Responsable de la formation marketing au Celsa, Karine Berthelot Guiet analyse depuis sa thèse en 2004, l’apport de la publicité dans la langue française. Elle est partie d’un double constat : on accuse souvent la pub de dénaturer la langue française tout en lui conférant une grande créativité. Vrai ou faux ? Elle nous dit tout.

Nuage de Mots - Pensée Positive en Français

Nuage de Mots - Pensée Positive en Français

Quelles types de fautes avez-vous relevé dans la pub ?
Pour le linguiste, la faute n’existe pas. Elle est une norme sociale appliquée à la langue. J’ai donc recherché les écarts par rapport à cette norme. Il existe trois types de faute : de morphosyntaxe (grammaire, mauvais accord …) ; de registre ou différences de langage selon à qui on s’adresse ; la manifestation de néologie.

J’ai constaté très peu de fautes de morphosyntaxe. S’il y en a, elles sont énormes et volontaires afin d’attirer l’attention comme dans « Bénédicta, la mayonnaise qu’on dirait un oeuf ». Elle fut retirée, mais le résultat était là, on a parlé de la marque. La faute de registre est réalisée en cohérence avec la cible communicationnelle. Là encore, une publicité fut retirée : « La sécurité sociale c’est bien, en abuser ça craint », on a estimé qu’une administration ne pouvait s’exprimer ainsi.

 

Qu’en est-il de la supposée créativité linguistique de la pub ?
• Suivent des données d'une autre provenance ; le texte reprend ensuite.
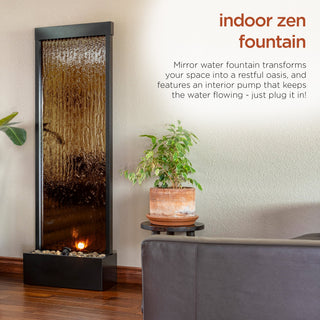 Bronze Mirror Fountain with Decorative Stones & LED Light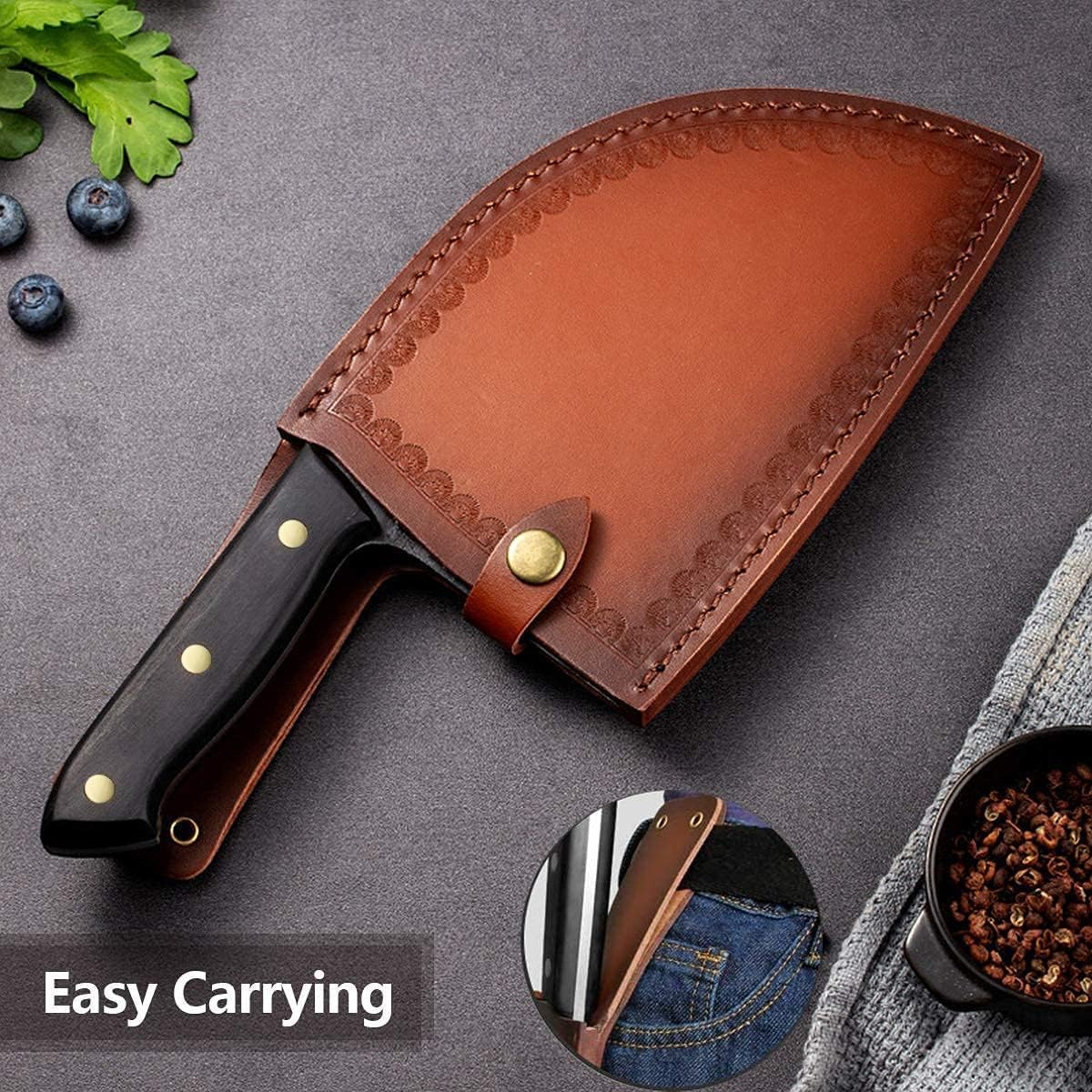 D2 Chef Knife Cleaver Knife Hand Forged Butcher Knife with Sheath Full Tang Chopping Knife for Kitchen Cooking – view 5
Karine Berthelot Guiet, professeur responsable de la formation marketing au Celsa

Karine Berthelot Guiet, professeur responsable de la formation marketing au Celsa

La pub crée en effet de nouveaux mots. La plupart des néologismes sont simples (faisant appel à une matrice) ou hybrides (faisant appel à plusieurs matrices). Ils renforcent le fait que le mot soit fautif. J’ai également découvert une accumulation de plusieurs néologismes hybrides, comme par exemple « aquaresist », qui apparaissent dans le texte de la pub et dans le nom du produit ou de la marque. J’en ai déduit une hypothèse sur le monstre néologique. Monstre selon ses deux racines : ce qui n’est pas fait dans les normes et ce qui se voit beaucoup. Cela pose l’idée que ces formes néologiques répondent à un impératif de différenciation, de dire l’innovation par des mots nouveaux et l’idée que l’expertise passe par une accumulation de langue étrange.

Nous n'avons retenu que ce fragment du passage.